All this is news to Yuan Geng Ling, 65, a fisherman who lives on his boat on the Yangtze with his wife and son. But he's not surprised. The Yuans' small boat is moored with three other vessels owned by relatives in the shadow of the booming port city of Zhangjiagang, 200 kilometres upstream from Shanghai.

"The pollution is becoming more serious. Sometimes we can see directly the factories discharging waste water - usually it's the chemical factories - and sometimes we see small shrimp or fish dead, floating on the river. There is less and less that we can catch," Yuan says.

"Some of the chemical companies aren't allowed to be built overseas, so they come to China."

But the factories are less blatant these days about illegal discharging - the pipes are buried, but the locals know where they are.

Yuan says even the tough and poisonous hetung - which is favoured by the Chinese and, like the Japanese fugu fish, requires great care in its preparation - is disappearing. He hasn't seen another type of fish he called shi yu for 20 years.

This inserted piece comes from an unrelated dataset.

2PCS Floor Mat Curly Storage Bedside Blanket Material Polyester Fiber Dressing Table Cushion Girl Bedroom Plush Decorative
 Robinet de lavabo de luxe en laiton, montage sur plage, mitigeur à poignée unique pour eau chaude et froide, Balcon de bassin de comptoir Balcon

His son, Yuan Wen Yong, 39, takes the Herald to where a fabric-dyeing factory is illegally discharging into the river. The discharge pipes are hidden beneath a landscaped road and an expanse of weeds, but the colour, a dark stain on the brown Yangtze, is unmistakable.

"When we drag our nets too close to this area, they get stained [by the discharge] and you can't wash it out," he says.

Zhangjiagang, a prosperous city with broad, tree-lined boulevards and a free trade zone that has attracted many domestic and multinational firms, ironically has the reputation as one of China's greenest and most pleasant cities due to its superior air quality and a civic campaign dating back to 1993 to promote itself as a model city.

At the entrance to the offending fabric-dyeing factory are several big banners promoting health and worker co-operation for prosperity. One of the signs reads: "A healthy environment depends on everybody."